Sometimes having a very posh English accent in America can be a bit of pain. Examples include:

  • Needing to pronounce water as if it has a ‘d’ instead of a ‘t’ to avoid embarrassment in restaurants.
  • Being unable to say Power Hour.
  • The endless debates with Clay over whether or not cheerio is the same as aloha, obviously it’s not.
  • Having the word horrible yelled at you in a fake accent (‘orribowl) and then being forced to repeat it

But today in my American Literature class I had a B-E-A-utiful moment which reminded me how much it is worth it. My professor made us each introduce ourselves and say something for him to try and remember.

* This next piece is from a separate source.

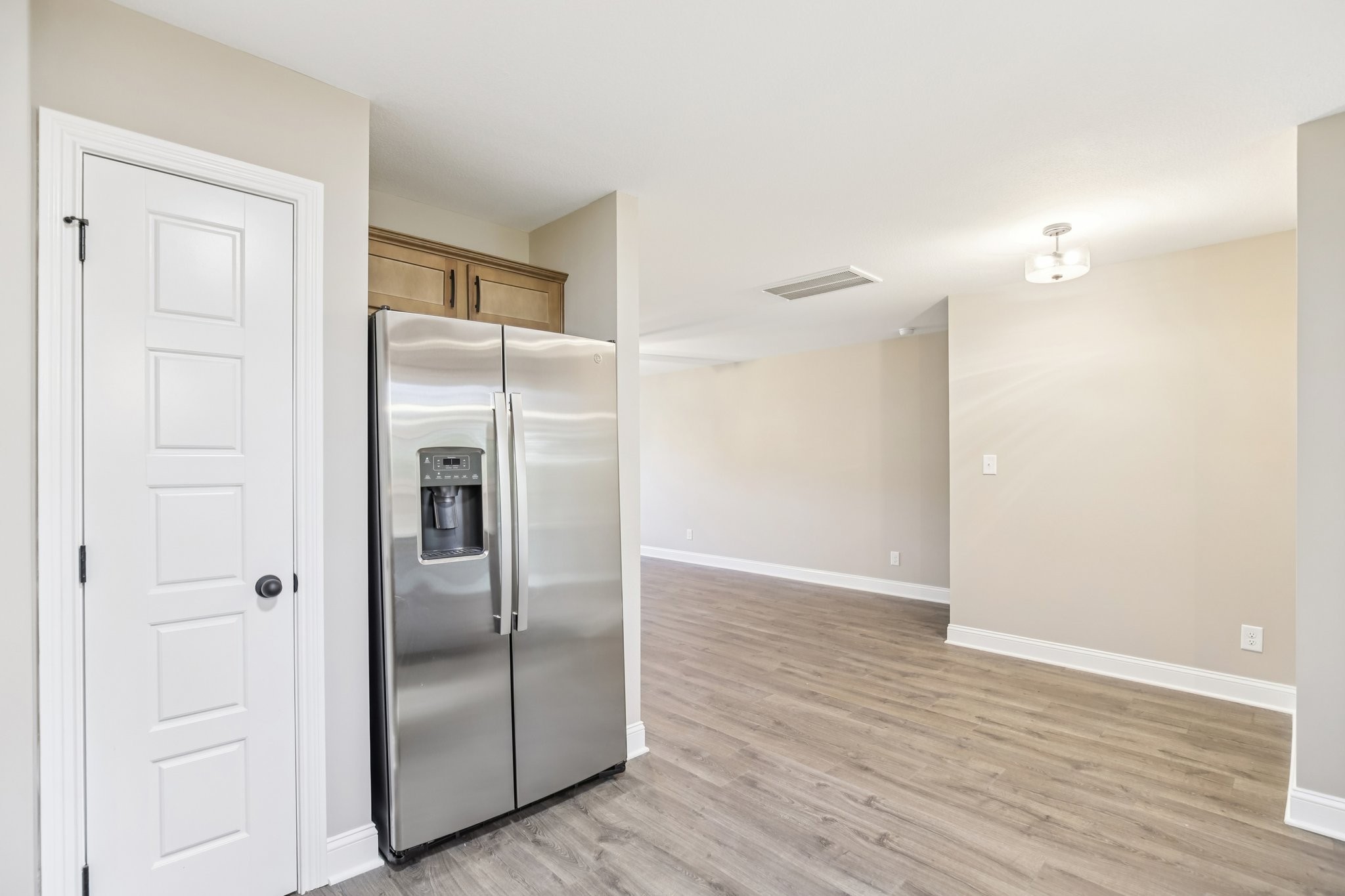 1288 Racker Drive Clarksville, TN 37043 - Photo 17 of 49 a view of a refrigerator in kitchen and wooden floor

I was second to last so everyone was fairly bored by the time we got round to me and I opened with the unadventurous line of, “Hi, I’m Megan. I’m on exchange this year and I’m on the rowing team.” I have never seen thirty heads turn round quite so quickly, it really was incredible. One girl from the opposite side of the room asked where I was from and the professor told everyone that they mustn’t presume that I’m his favourite and then told us about his grandchildren in Scotland. We then had a nice chat about how nobody can understand old Scottish people (true story).

Then, once I was home from my class, Courtney informed me that she had changed her Siri to be an English man and that it was retarded because it could never recognise what she was saying. I suggested that it couldn’t understand her accent so she repeated her request in what was a fair attempt at sounding like me and like magic Siri could understand her!

In other news, today the sun came out after a week of being genuinely concerned that campus was sinking and feeling like I was living within a cloud. Time to grab hold of the productive streak I’m having with both hands and make the most of first week back enthusiasm… after I’ve watched the season finale of American Horror Story.